Delta islands solve this problem by allowing you to group your refs into
distinct "islands". Pack-objects computes which objects are reachable
from which islands, and refuses to make a delta from an object
A
against a base which is not present in all of
A
's islands. This
results in slightly larger packs (because we miss some delta
opportunities), but guarantees that a fetch of one island will not have
to recompute deltas on the fly due to crossing island boundaries.

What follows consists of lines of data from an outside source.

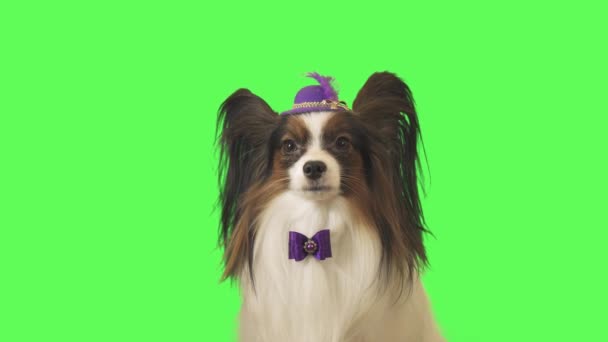 Beau chien Papillon en chapeau violet avec une plume et l'arc est à la recherche de la caméra sur fond vert vidéo de fond
 - Séquence, vidéo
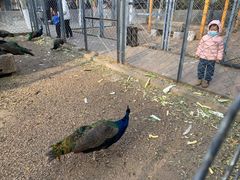 -长白岛森林公园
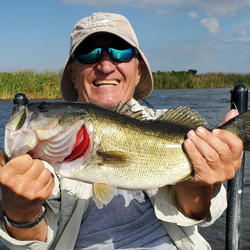 One angler fishing in FL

When repacking with delta islands the delta window tends to get
clogged with candidates that are forbidden by the config. Repacking
with a big --window helps (and doesn’t take as long as it otherwise
might because we can reject some object pairs based on islands before
doing any computation on the content).
Islands are configured via the
pack.island
option, which can be
specified multiple times. Each value is a left-anchored regular
expressions matching refnames. For example:
[pack]
island = refs/heads/
island = refs/tags/
puts heads and tags into an island (whose name is the empty string; see
below for more on naming). Any refs which do not match those regular
expressions (e.g.,
refs/pull/123
) is not in any island. Any object
which is reachable only from
refs/pull/
(but not heads or tags) is
therefore not a candidate to be used as a base for
refs/heads/
.
Refs are grouped into islands based on their "names", and two regexes
that produce the same name are considered to be in the same
island. The names are computed from the regexes by concatenating any
capture groups from the regex, with a
-
dash in between. (And if
there are no capture groups, then the name is the empty string, as in
the above example.) This allows you to create arbitrary numbers of
islands. Only up to 14 such capture groups are supported though.

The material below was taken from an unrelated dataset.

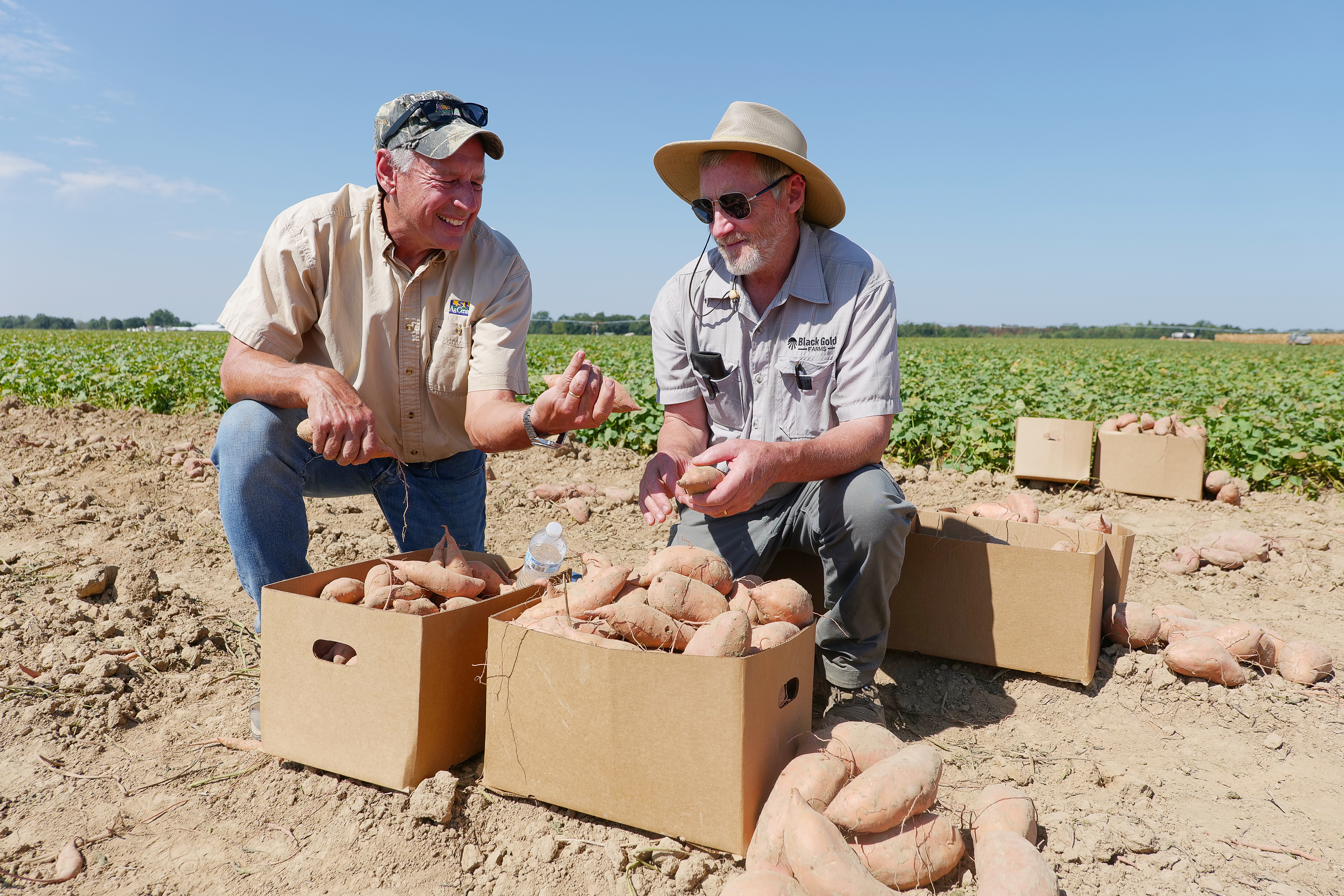 Louisiana sweet potato crop faring well despite heat, drought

For example, imagine you store the refs for each fork in
refs/virtual/ID
, where
ID
is a numeric identifier. You might then
configure:
[pack]
island = refs/virtual/([0-9]+)/heads/
island = refs/virtual/([0-9]+)/tags/
island = refs/virtual/([0-9]+)/(pull)/
That puts the heads and tags for each fork in their own island (named
"1234" or similar), and the pull refs for each go into their own
"1234-pull".
Note that we pick a single island for each regex to go into, using "last
one wins" ordering (which allows repo-specific config to take precedence
over user-wide config, and so forth).